Columnas / Política

Ortega y el principio del fin

La anulación del pluralismo político en Nicaragua coloca al empresariado ante la encrucijada de mantener un silencio cómplice, o asumir el riesgo de convertirse en un actor político democrático.

Sábado, 30 de julio de 2016
Carlos Fernando Chamorro

La destitución ilegal de dieciséis diputados propietarios y doce suplentes electos en 2011 por la alianza opositora del Partido Liberal Independiente (PLI), representa el preámbulo del nuevo sistema político que pretende institucionalizarse en las elecciones del seis de noviembre. Igual que el somocismo con el Partido Liberal Nacionalista y su sistema de “minorías congeladas”, el orteguismo está instituyendo su propia versión de un régimen de partido hegemónico con el FSLN y su comparsa de colaboracionistas. Ambos pertenecen a la misma raza “chupasangre” del erario público. La diferencia es que la anterior dictadura dinástica solo podía recurrir al partido conservador zancudo para aparentar la formalidad democrática electoral –el PLI histórico nunca pactó con Somoza– en cambio, Ortega y el FSLN disponen de un amplio abanico de micro partidos satélites: PLC, PLI, PC, APRE y varios más.

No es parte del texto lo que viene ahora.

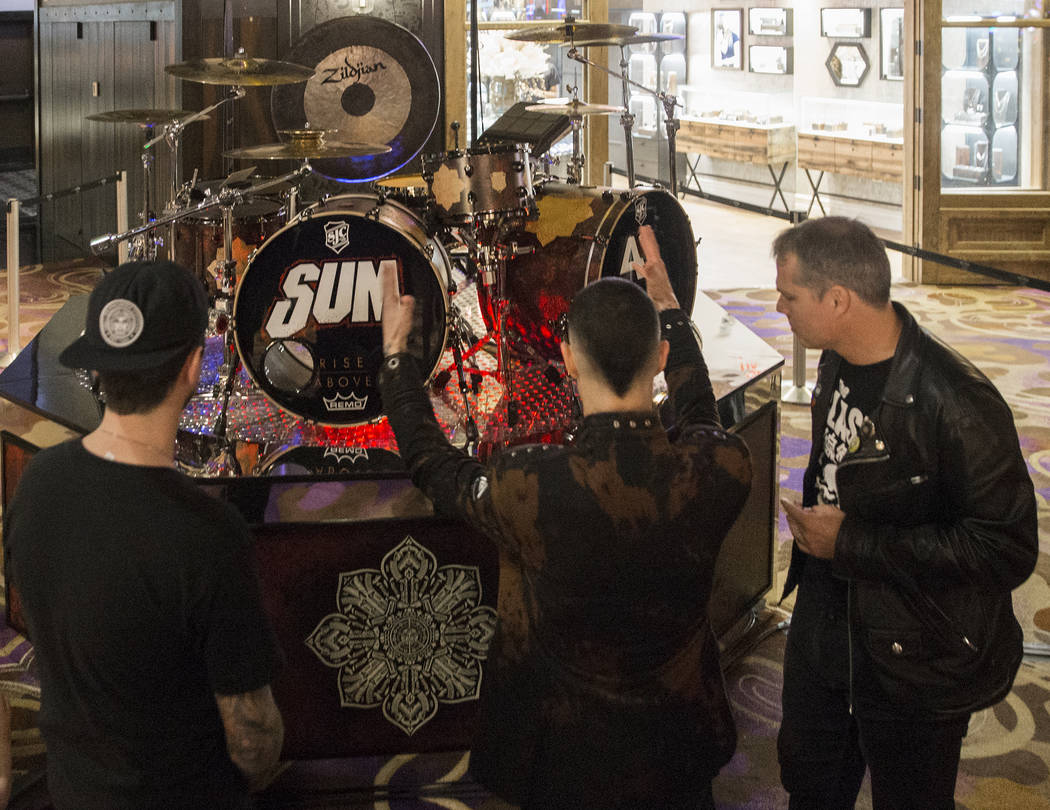 SJC co-founder Mike Ciprary, left, Sum 41 drummer Frank Zummo and artist Shepard Fairey discuss the creation of a custom drumkit/art project called Rise Above on Friday, February 16, 2018, at The  ...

Esta aparente ventaja significa únicamente que la corrupción pública y la degeneración de la clase política ahora se han multiplicado. Lo cual, paradójicamente, conspira contra la sobrevivencia del orteguismo, pues su propia cúpula familiar, el entorno empresarial en que navega, y las posibilidades de sostener y expandir su base social, dependen cada vez más de un sistema que está podrido desde la raíz, al tener como sustento la corrupción de la política.

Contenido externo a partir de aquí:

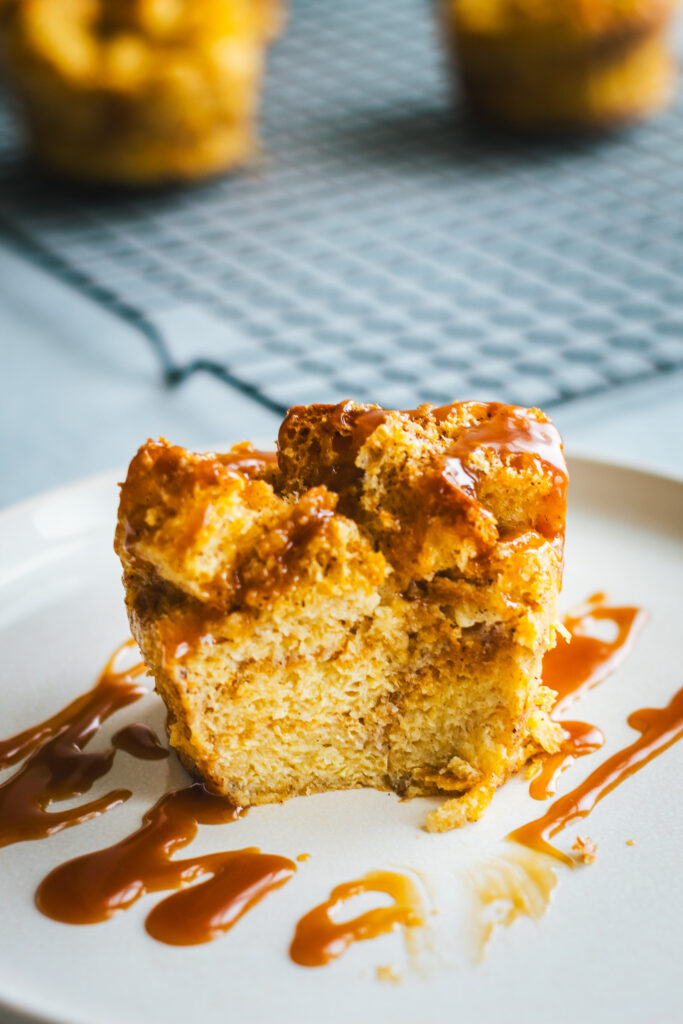 Bread pudding cut open to show inner crumb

Desde el punto de vista formal, el orteguismo alega que no es un régimen de partido único, pues además del FSLN existen otros diecisiete partidos que gozan de personería jurídica. Sin embargo, anulados los derechos políticos democráticos y sin oposición, no existe ningún vestigio de pluralismo como manda la Constitución. Todos los liderazgos opositores auténticamente democráticos, desde el centro izquierda al centro derecha, han sido decapitados sin ninguna justificación legal, en un acto de represión por razones meramente políticas.

Al Movimiento Renovador Sandinista le despojaron de su personería jurídica en 2008, mientras que al movimiento liberal que lidera Eduardo Montealegre le han arrebatado dos veces la representación legal de su partido. Primero en 2008 al despojarlo de la Alianza Liberal Nicaraguense (ALN) y en junio de este año, en una doble venganza política, le cayó otra vez la guillotina al PLI, sin que esto signifique el punto final de la ola persecutoria.

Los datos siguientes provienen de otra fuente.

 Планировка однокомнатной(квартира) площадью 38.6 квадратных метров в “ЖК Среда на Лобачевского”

Estamos pues ante un régimen autoritario que no tolera ninguna clase de competencia en los espacios institucionales o autonomía en los poderes estado, y ante cualquier protesta social o desafío político en los espacios públicos, recurre a la represión paramilitar o policial. El monopolio de la política en las calles, sin oposición, ha sido siempre uno de los pilares de la estabilidad autoritaria, en la que se apoya la alianza económica con el gran capital.

No obstante, a pesar de la aparente fortaleza del orteguismo en las elecciones de noviembre, el tercer período consecutivo de Ortega se proyecta bajo el signo de la incertidumbre. No solamente por los vientos económicos desfavorables y la reducción de la cooperación venezolana que impactarán en los próximos años, sino además porque bajo un régimen extremadamente personalista, la corrupción y la represión tampoco ofrecen garantías permanentes de estabilidad.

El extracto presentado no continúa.